Monday, Feb. 01, 1988

Islam's Voice in Gaza

"The first generation had patience," says Sheik Ahmad Yasin, reclining on the floor of a chilly room in his house in the Gaza Strip as he talks about Palestinian frustrations under Israeli rule. "But this patience will not be repeated by the new generation," he adds, choosing his words with care lest he be arrested by the Israelis. Sheik Yasin, 51, is a spiritual leader of the Islamic fundamentalist movement in Gaza and thus a prime force behind the religious gale that has recently fanned the flames of unrest in the occupied territories.

Born in the Arab village of Al-Joura, Sheik Yasin has been paralyzed below the neck since age 15 as the result of an athletic accident.

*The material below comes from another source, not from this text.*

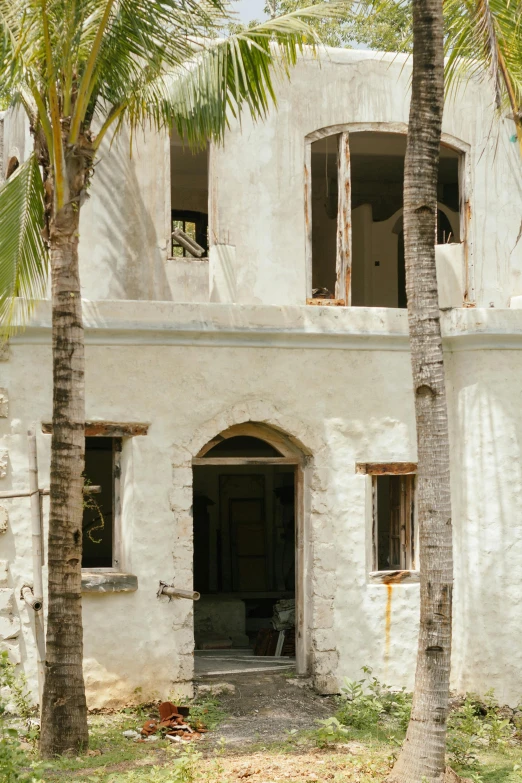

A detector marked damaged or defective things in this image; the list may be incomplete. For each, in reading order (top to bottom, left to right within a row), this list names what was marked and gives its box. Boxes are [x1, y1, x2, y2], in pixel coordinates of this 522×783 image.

broken window frame [300, 122, 472, 306]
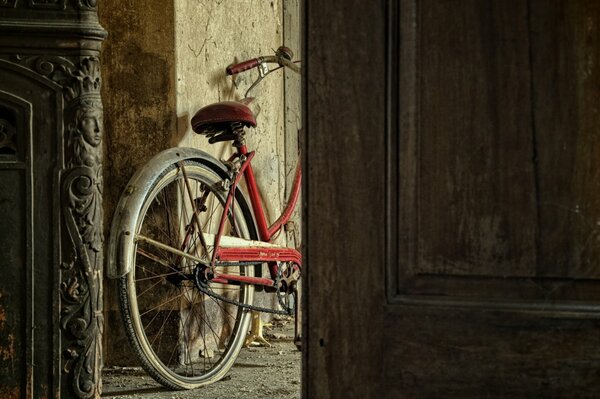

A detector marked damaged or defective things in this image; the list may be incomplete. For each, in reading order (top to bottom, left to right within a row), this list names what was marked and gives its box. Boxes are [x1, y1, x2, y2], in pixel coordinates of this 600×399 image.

peeling plaster wall [173, 0, 288, 247]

He resides with his wife and eleven children in a one-story house in Gaza City. Family members assist him in dressing and eating. Despite his handicap, he runs al-Mujama al- Islami, a community organization that builds mosques and sponsors cultural activities.

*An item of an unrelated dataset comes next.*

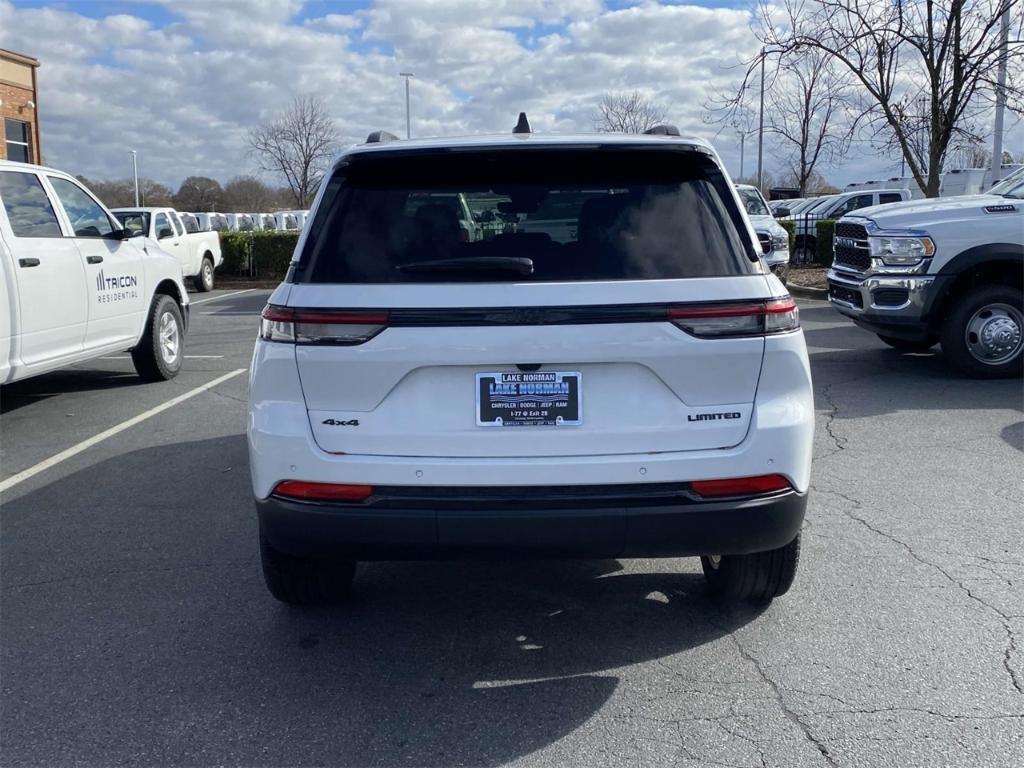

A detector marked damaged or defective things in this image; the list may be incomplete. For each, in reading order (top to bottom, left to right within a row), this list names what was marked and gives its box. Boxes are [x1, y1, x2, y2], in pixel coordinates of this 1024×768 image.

crack in asphalt [811, 489, 1019, 700]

In 1984 Israeli authorities found an arms cache in the cellar of his mosque. Sheik Yasin and several dozen followers were charged with illegal possession of weapons and intent to destroy the state of Israel; though he was sentenced to 13 years in jail, he was freed ten months later in a mass exchange of Palestinian political prisoners for Israeli POWs in Lebanon.

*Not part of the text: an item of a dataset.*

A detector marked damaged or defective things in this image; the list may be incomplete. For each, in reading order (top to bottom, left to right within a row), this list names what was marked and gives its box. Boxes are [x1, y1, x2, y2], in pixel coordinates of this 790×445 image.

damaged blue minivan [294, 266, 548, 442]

Bundled in a faded blanket and offering his visitors oranges and tea, Sheik Yasin decries the nationalist ideology of the Palestine Liberation Organization and instead insists that Palestinian aspirations can be realized only by creating an Islamic state. "If God wants an Islamic solution, then God's wish will be implemented," declares the sheik. He professes to have abandoned violence, but he adds confidently, "Believing in God and in Islam means having the readiness to die."